I'm just thinking that instead of following the trajectory of the radical reformers of protestantism who between the time of Luther and John Adams managed to toss out in one place or another nearly the whole of the faith and practice of the Church of England -- we might be a bit more like old William White.

In other words -- passionate about the Gospel, cherishing the bonds of baptismal, eucharistic and ecclesiastical unity, and walking humbly and mercifully with a Lord who teaches us to love all, heal all, feed all, liberate all, and welcome all to relationship in the name of Christ.

Can I get an amen?

6 comments:

Anonymous said...

You wouldn't happen to be a descendant of the Rev. Malachi Jones of Abingdon, PA, d. 1714, would you?

He was a Welsh Congregationalist minister who immigrated to PA and founded Abingdon Presbyerian Church, which is still in existence.

He played a minor, but noteworthy, role in the early history of the Presbyterian church.

He was also my sixth great grandfather, which is why I know so much about him.

Marshall Scott said...

I appreciate your distinction of positions within the Episcopal Church even at its inception. You might, though, consider that that preceded by some time Keble's Assizes Sermon and the "Tracts for the Times." I can well imagine that Connecticut and New York churches were more formal in their worship, but I doubt they would have used or even understood the phrase "High Church" in any way like we would.

Greg Jones said...

Todd,

I am not a descendant of Malachi Jones -- our Jones line was in Eastern Virginia until they went to Kentucky in 1782 for the Battle of Blue Licks -- and remained there.

Greg Jones said...

Marshall,

Thanks for your comment. But actually, no. The division between 'High' and 'Low' went way, way, way back before the Oxford movement and ritualistic controversy came to a head in the mid-19th century.

I trace the roots of it in my paper

The Baptismal Regeneration Controversy...

Greg Jones said...

That paper traces the difference between high and low going way back before Oxford movement.
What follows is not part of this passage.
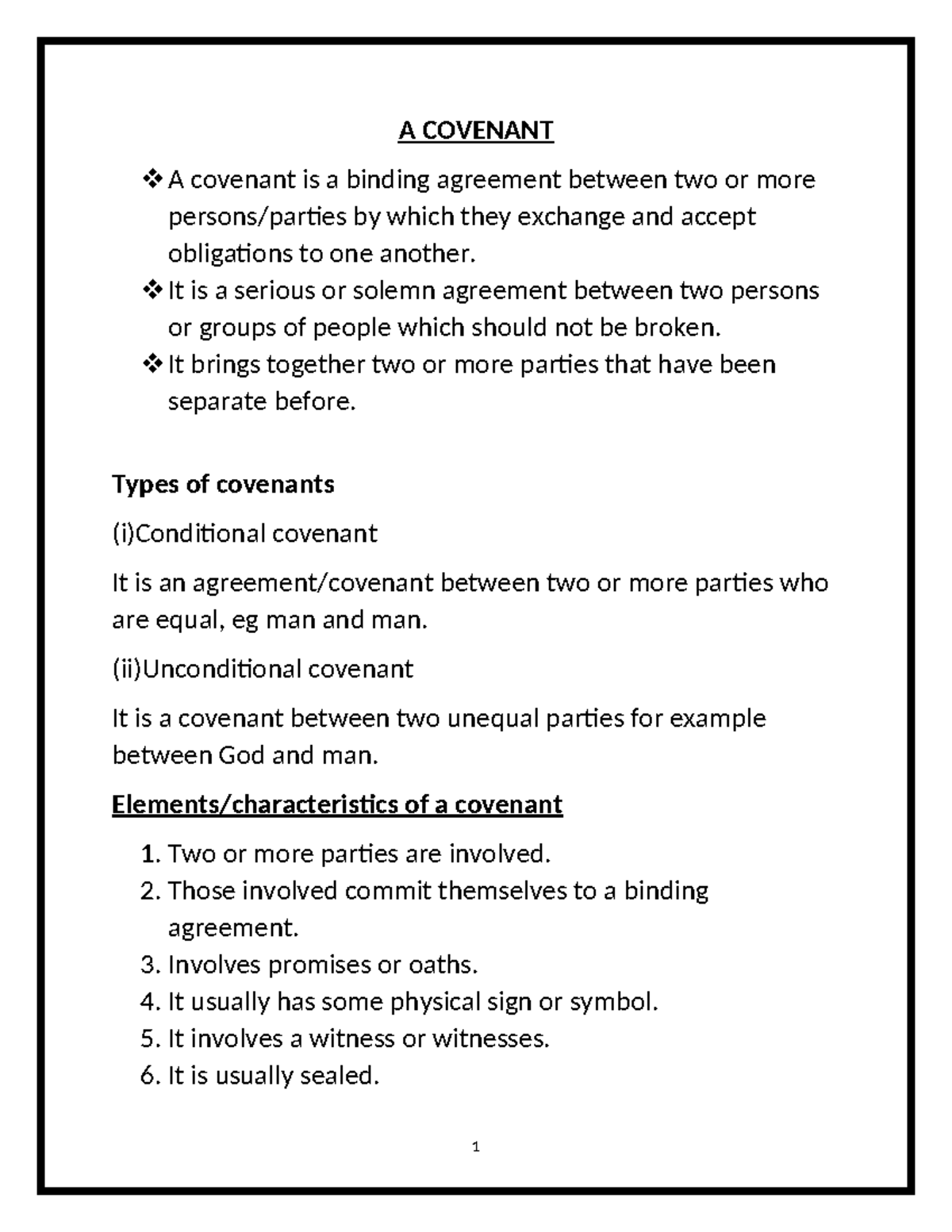 COVENANT Study Notes: Understanding Agreements in Genesis (Cre) - Studocu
It can be found online here:

http://anglicanhistory.org/essays/jones.pdf

cryptogram said...

I was interested to read your piece. I am hoping to research the efforts of Archbishop Moore to change the law so that White and Provoost could be consecrated without taking an oath of loyalty to the king. (An early retirement project for me)
Moore gets a poor press as being one of the dullest of latitudinarians, but I think that in this he shows a good deal of courage and determination. He is one of two Archbishops of Canterbury connected to one of the churches I serve, and I find him a much more interesting and perspicacious character than another product of the place, one G Whitfield.